TORNEIO PIRES DE LIMA. Das regatas acima, salientamos mais uma edição deste tradicional torneio, aberto às Classes ANC e CHS. Os prémios são, como habitualmente, muito tentadores. Os sócios irão receber o anúncio de regata, por correio, em suas casas.
ROTAS DO ALGARVE / ANDALUZIA. (colaboração do Arq. José Veloso - Lagos)
O Cruzeiro de Verão da ANC foi este ano novamente organizado no Algarve, como em 1996, com a
Associação Lacobrigense dos Desportos Náuticos. Foram as ROTAS DO ALGARVE E ANDALUZIA,
uma descoberta de novos pontos de interesse ao longo desta costa.
O percurso foi de Lagos até ao El Rompido com etapas de paragem. Além de Vilamoura, a frota de 14
barcos, visitou as Quatro Águas de Tavira, mais uma novidade e bem agradável. O Clube Náutico de
Tavira foi insuperável com um barco piloto fora da barra à espera de cada grupo de embarcações que
chegava, guiando-o depois até indicar o sítio exacto para cada um largar o ferro e fundear. Se alguém
tinha dúvidas sobre o que é a boa hospitalidade, ficou ali bem esclarecido.
Aliás no El Rompido veio a acontecer exactamente o mesmo.

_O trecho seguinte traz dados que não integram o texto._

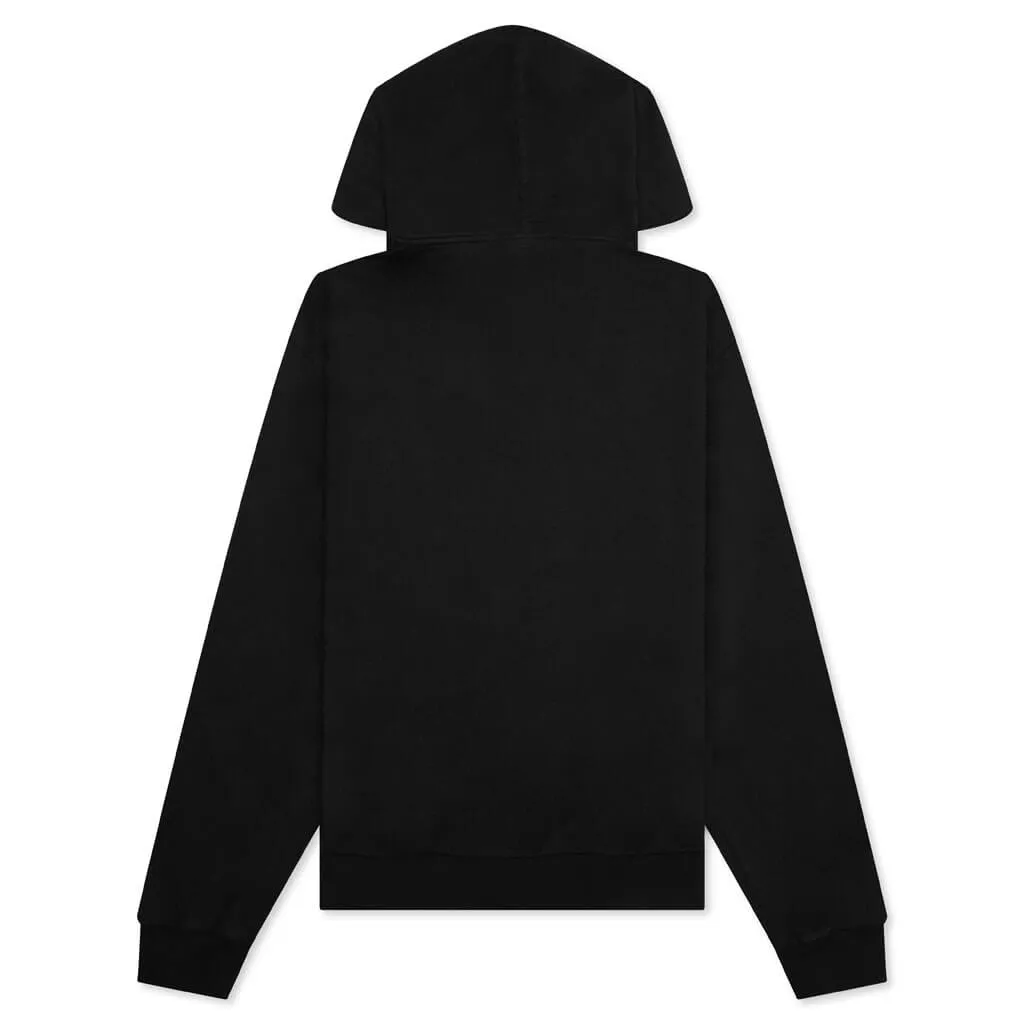 Cut & Sew Logo Sweatshirt - Black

A entrada da barra e subida do longo canal
até às bóias que estavam preparadas para amarrar, foram feitas com a frota seguindo o barco que estava À
espera no mar, na hora prevista. Sem essas indicações, tinha sido impossível a tradição daquelas bóias da
barra, que deve ser um segredo que têm bem guardado.
Valha a verdade que não foi só nisto que Tavira e El Rompido rivalizaram. Além de ambas as barras
serem aqueles petiscos que não se aconselham a quem ainda não os tiver provado, nos dois locais a
transferência para transporte para terra e as disponibilidades das instalações dos clubes funcionaram
igualmente na maravilha. Depois, ambos propuseram servir, nos repastos de recepção "comida à
marinheira", ideia que foi alegremente aceite. Resultou em grão com bacalhau, salada fria em Tavira e
prato quente em El Rompido. Esta falta de coordenação gastronómica e de imaginação, pelos vistos muito
marinheira, foi compensada pela qualidade culinária e pela simpatia e boa disposição geral.

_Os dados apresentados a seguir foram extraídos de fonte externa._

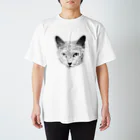 marimaruのロシアンブルー猫 スタンダードTシャツ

A única nuvem que ensombrou as ROTAS DO ALGARVE E ANDALUZIA e que não nos largou durante
todo o cruzeiro, foi a avaria do veio do hélice, que obrigou a tripulação do SÍRIUS a ficar em Lagos, e a
frota a perder a mais estimada das companhias. Sem desprimor para todos os outros, eles fazem realmente
muita falta entre as tripulações da ANC.
SAILING RYDER CUP'97 em Lagos. Os treze veleiros que constituiram a frota desta regata largaram para a penúltima etapa rumo a Cádiz. As etapas Baiona-Setúbal e Setúbal-Lagos foram anuladas devido à falta de vento.
A DIRECÇÃO, a cinco meses do fim deste mandato -- o 2º consecutivo -- gostaria de contar com uma colaboração mais activa de sócios nisso interessados, com novas ideias, novas iniciativas, novas soluções para os multifacetados aspectos que envolvem ter um barco de cruzeiro em Portugal. Receia-se que, ao fim de quatro anos de gestão da Classe, as mesmas pessoas estejam, naturalmente, rotinadas, falhas de imaginação, a repetir-se. A Classe só teria a ganhar com esse refrescar de perspectivas. Caro sócio, se tem as suas maneiras de ver uma Classe náutica que ultrapassou os 500 barcos inscritos, os 2500 praticantes envolvidos, em regatas e em cruzeiros, dê-nos "uma mãozinha" na manobra desta nau que, sendo cada vez maior, não tem tormentas a afectá-la. Verá que é estimulante e que, apesar do que dissemos, acaba por ser divertido.
PORQUE HÁ NOVOS SÓCIOS recentemente inscritos, relembramos que a ANC:
TAL NÓ, nó górdio ou à espanhola! O nó mais corrente a bordo de certas embarcações. Este nó é impossível de desatar, não corre, não deixa correr (tipo não ata nem desata) e a sua forma é sempre diferente pelo que é difícil de descrevê-lo. Só grandes especialistas conseguem esta variação sem deixarem lá os dedos. Extremente seguro nos sapatos e nas amarrações...é que fica mesmo amarrado!